**WHAT IS EXPECTED:** Please restate word for word all lines from the one containing "Bic Twin Lady .20 2012 Eu 10+5 pcs" to the final line of the entries, and include no pictures.
##### INPUT DATA
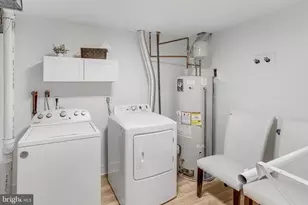 16948 Point Pleasant Ln, Dumfries, VA 22026 - Photo 25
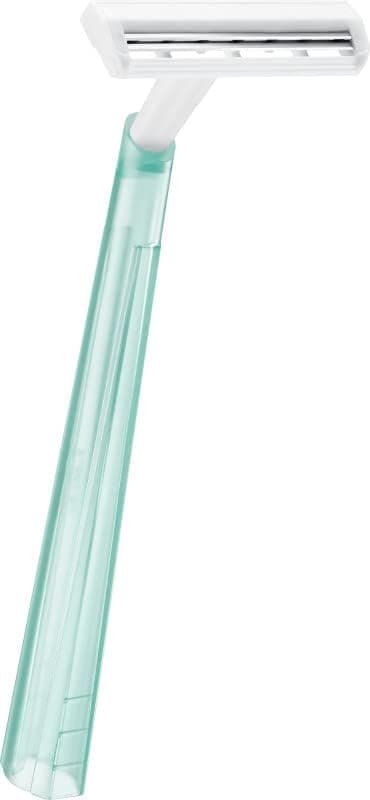 Bic Twin Lady .20 2012 Eu 10+5 pcs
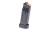 Smith & Wesson Bodyguard 2.0 380 ACP 12 Round Magazine Black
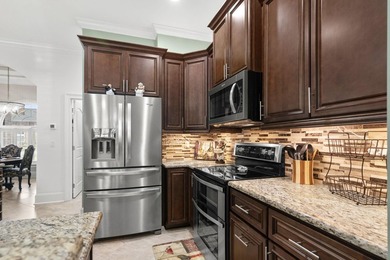 Congratulations - you have just found your dream home in the - photo 20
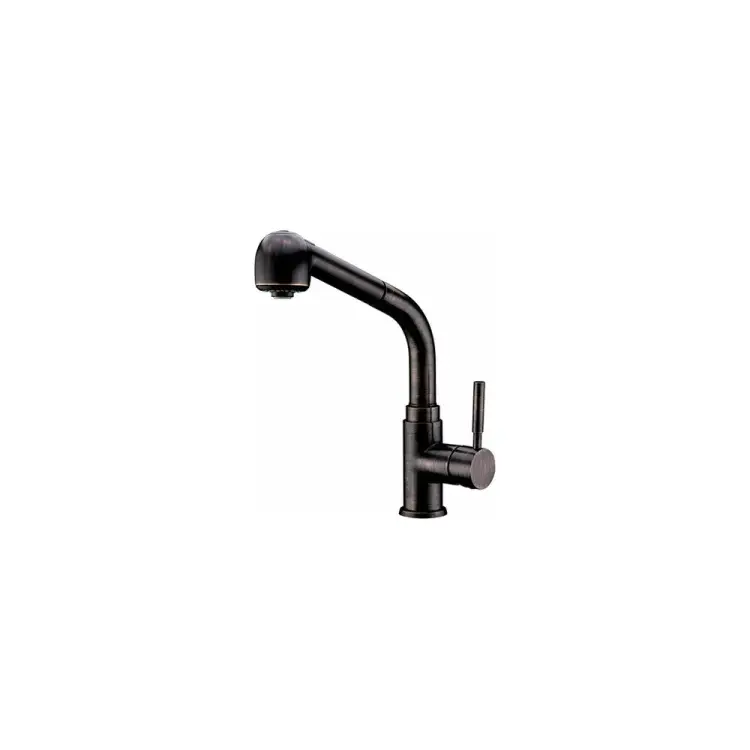 Смеситель для кухни WasserKraft A8247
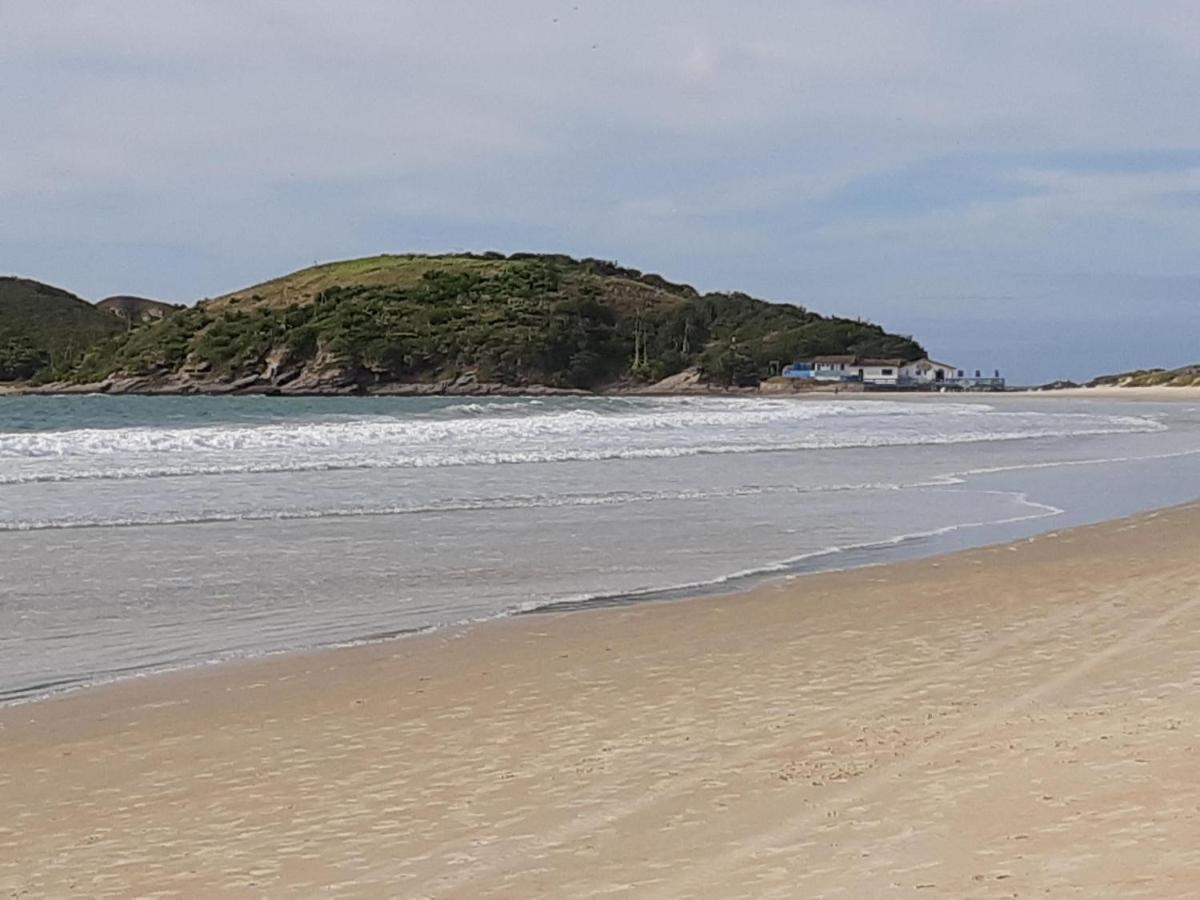 Outono Com Sol E O Melhor Preco De Cabo Frio. * Cabo Frio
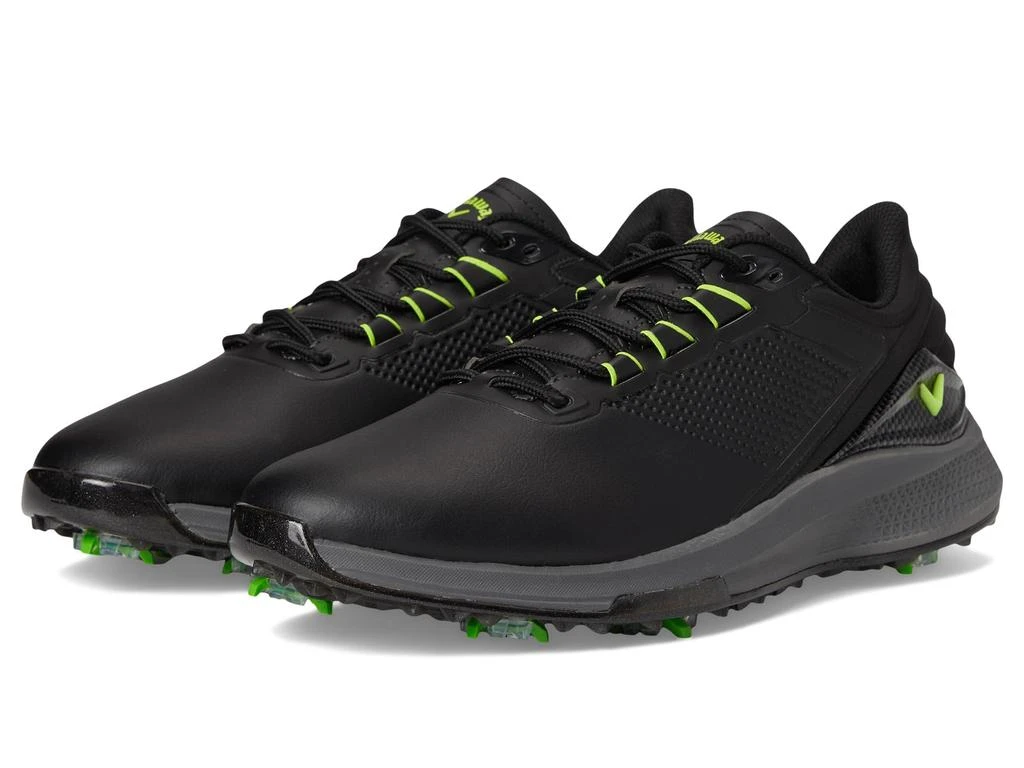 Callaway Coronado V4 1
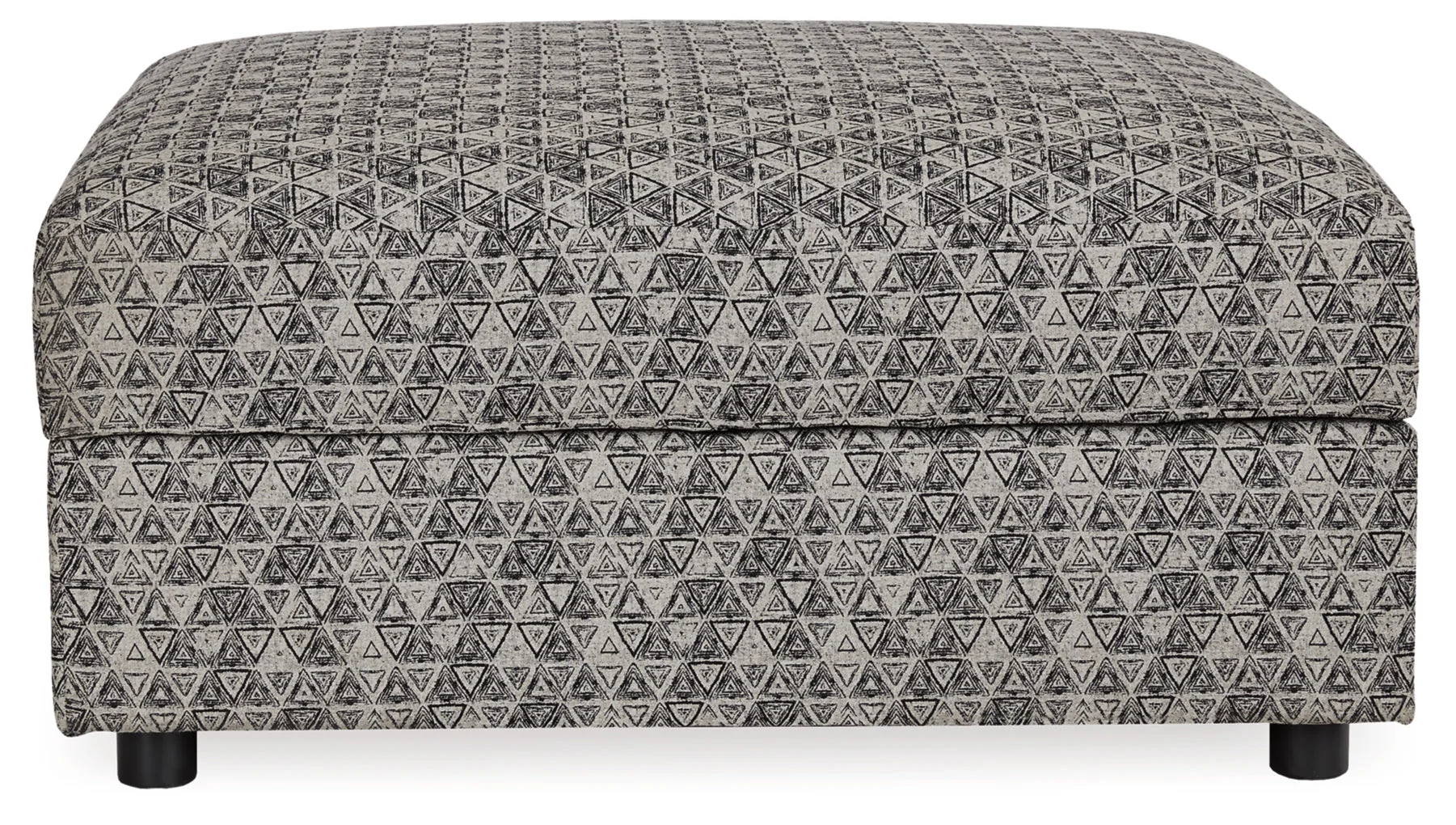 Kellway Ottoman With Storage - Image 3
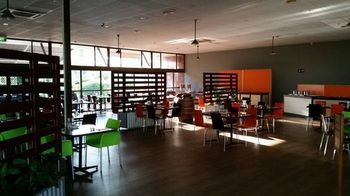 Ibis Styles Katherine - Accommodation Sunshine Coast 2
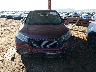 2HKRM3H44GH****** Salvage 2016 Honda CR-V in Arizona State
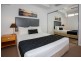 78/2-4 Kingsway Place, Townsville City QLD 4810
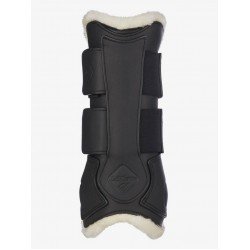 Jumping/Support Boots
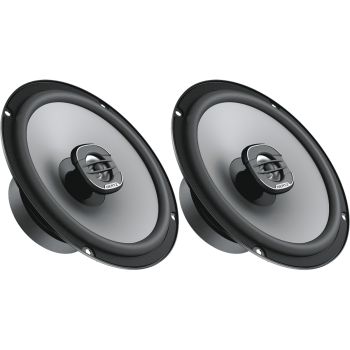 Hertz Uno X 165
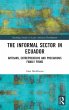 The Informal Sector in Ecuador - Bild 1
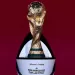 La cifra que espera recaudar Qatar gracias al mundial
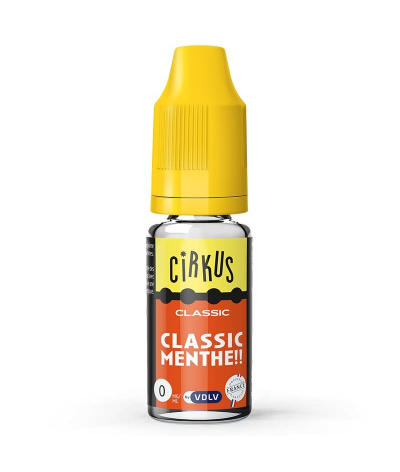 elfbar nachfüll pod läuft aus E-liquides Bobble Liquide main image 1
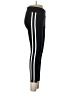 New Balance Black Active Pants Size L - photo 4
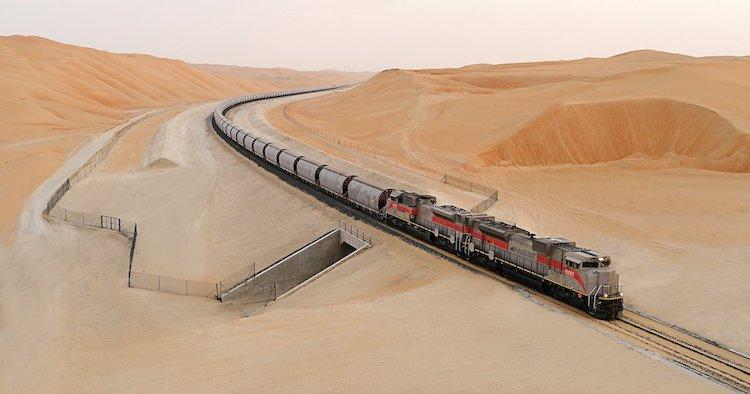 Etihad-Rail-oman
##########
**ANSWER FOR THIS EXERCISE:**
 Bic Twin Lady .20 2012 Eu 10+5 pcs
 Smith & Wesson Bodyguard 2.0 380 ACP 12 Round Magazine Black
 Congratulations - you have just found your dream home in the - photo 20
 Смеситель для кухни WasserKraft A8247
 Outono Com Sol E O Melhor Preco De Cabo Frio. * Cabo Frio
 Callaway Coronado V4 1
 Kellway Ottoman With Storage - Image 3
 Ibis Styles Katherine - Accommodation Sunshine Coast 2
 2HKRM3H44GH****** Salvage 2016 Honda CR-V in Arizona State
 78/2-4 Kingsway Place, Townsville City QLD 4810
 Jumping/Support Boots
 Hertz Uno X 165
 The Informal Sector in Ecuador - Bild 1
 La cifra que espera recaudar Qatar gracias al mundial
 elfbar nachfüll pod läuft aus E-liquides Bobble Liquide main image 1
 New Balance Black Active Pants Size L - photo 4
 Etihad-Rail-oman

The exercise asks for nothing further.